UK Banks Say Phishing Victims May Be On Their Own
from the how-nice-of-them dept
It looks like some banks in the UK have decided that they’re tired of all this phishing scam nonsense and they don’t want the responsibility to fall on them. So, while they’ll look at things on a case-by-case basis, they don’t plan to reimburse the victims of phishing scams. It’s understandable that they don’t want to be held responsible, but they should take a more proactive approach to stopping phishing scams than simply telling the victims “too bad.”
Comments on “UK Banks Say Phishing Victims May Be On Their Own”
They do
Several banks over here already have warnings concerning phishing, such as:
“We will never send emails that ask for confidential information or security details. If you get such an email, please delete it immediately without responding.” or
“[organization] will never ask you for your memorable data or pass number in an e-mail. Never disclose this information to anyone.”
etc, when you log in for online banking.
Between sheer common sense and those warnings, I certainly don’t see why a bank should have to foot the bill for stupidity.
Re: They do
While, at one level, I agree with you… I’m still not sure. As we’ve shown in the past many phishing scams are amazingly effective even against people who know better… and not all banks are as enlightened as yours. Just recently we pointed out that a number of banks still send out messages that are nearly identical to phishing messages.
Re: Re: They do
Uhhuh. Yeah. I think the attitude to approach this is that it doesn’t hurt to display warnings and suchlike, and if the bank *can* do so, it *should*. I wouldn’t object, for example, to some multi-bank security-enhancing project/committee that had the effect of recommending these banners.
Now, if you want a related tangent, you can blame it on people’s ignorance of their browsers. I’m beginning to suspect that people don’t pay attention to their status bars when mousing-over a link – for example, both mozilla and thunderbird display the destination URL in the status bar. If they suppress it being displayed (mostly javascript on websites at fault here), I worry; if it’s not the same as the text for the URL, I flatly don’t click on it.

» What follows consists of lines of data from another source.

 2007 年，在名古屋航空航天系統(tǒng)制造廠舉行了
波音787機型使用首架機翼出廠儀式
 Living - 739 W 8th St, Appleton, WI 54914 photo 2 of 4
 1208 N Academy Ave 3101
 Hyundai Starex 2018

Of course, you have to take into account that many people wouldn’t have the same experience/know-how to determine when the difference is significant (replacing domain-name with IP#? Relying on http-auth `@’ symbol to confuse people?) or not. Hence maybe more effort should be put into browser-use awareness.
Re: Re: Re: They do
Not to mention, alot of people don’t check to see if they have a secure connection before filling out personal information on websites. I’ve had to tell numerous people not to fill out any info unless you see a ‘s’ after ‘http’, and to look for the lock icon.
Re: They do
I agree in part. If you do stupid things, you should take the rap. But banks have such incredabily poor security when dealing with your money (their money is a different story), and therefore should be somewhat responsible when a phishing scam is able to transfer money from a person’s account to the scammers account with little more effort then a phone call or email. And lets not forget it’s these same banks that take a certified bank check, cash it, then find out 5 days later it’s fake and charge back the money to the poor sucker that took the “certified” bank check as being .. well .. certified. I think if the bank can’t take the time to check the veracity of the check at the time they cash it – THEY should be stuck when it turns out phoney.
No Subject Given
But visibly trying to do something about phishing scams is also part of your customer relations. At least it gets you thinking that the bank actually cares about your money …

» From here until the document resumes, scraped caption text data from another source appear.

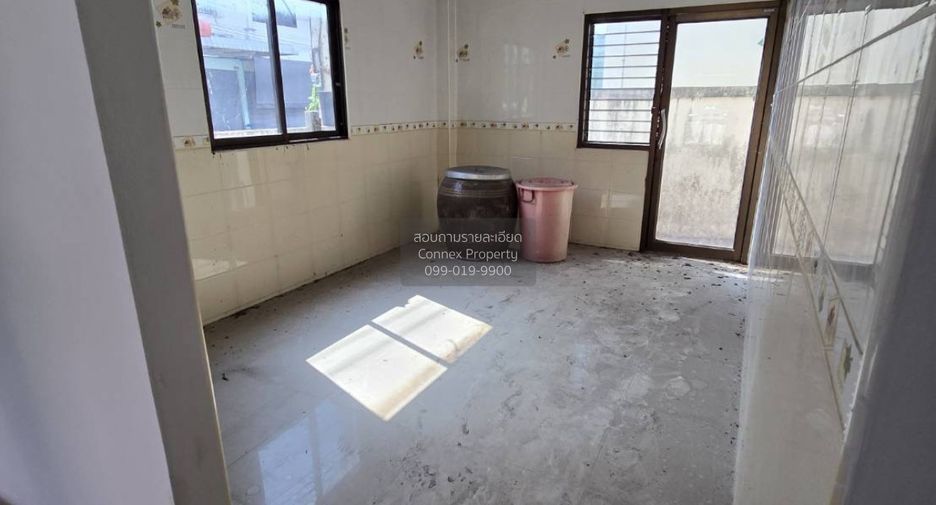 Casa en venta de 4 habitaciones en Nong Khaem, Bangkok
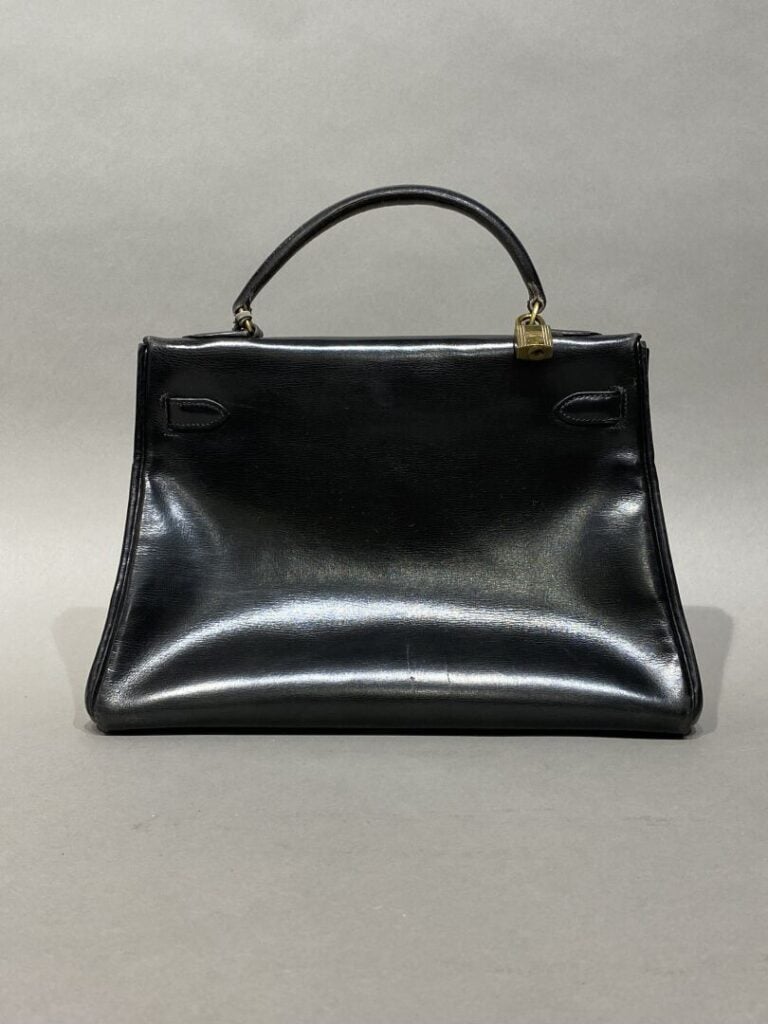HERMES - Sac "Kelly 32" en box noir, bijouterie en métal doré, poignée, cadenas…
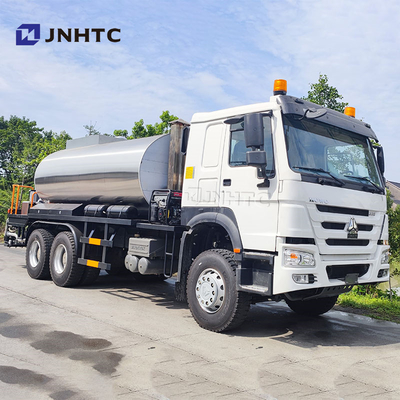 HOWO Distribuidor inteligente de betún Equipo de pulverización de asfalto Camiones 6X4 336HP En venta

Re:UK Banks Say Phishing Victims May Be On Their O
From a banking industry perspective, I must say that this story is incorrect. It follows a highly misleading article in The Times back in November which was taken out of context. The fact is that all banks have published Internet guarantees which will protect innocent victims of fraud. Of course, all customers are asked to remain vigilant and take precautions to keep their security information safe, but there has been no change in position on refunds.
phishing
I would like to find out who’s actually pulling the strings in this phishing business with their ever changing strategies.
If someone got phished upon and another person – believing to earn a transfer commission of 8% – then
who is to blame?
Can anyone eventually expect to be reimbursed for any
damage or loss ?
Awaiting your reply I remain
with best wishes of vigilance: Knut.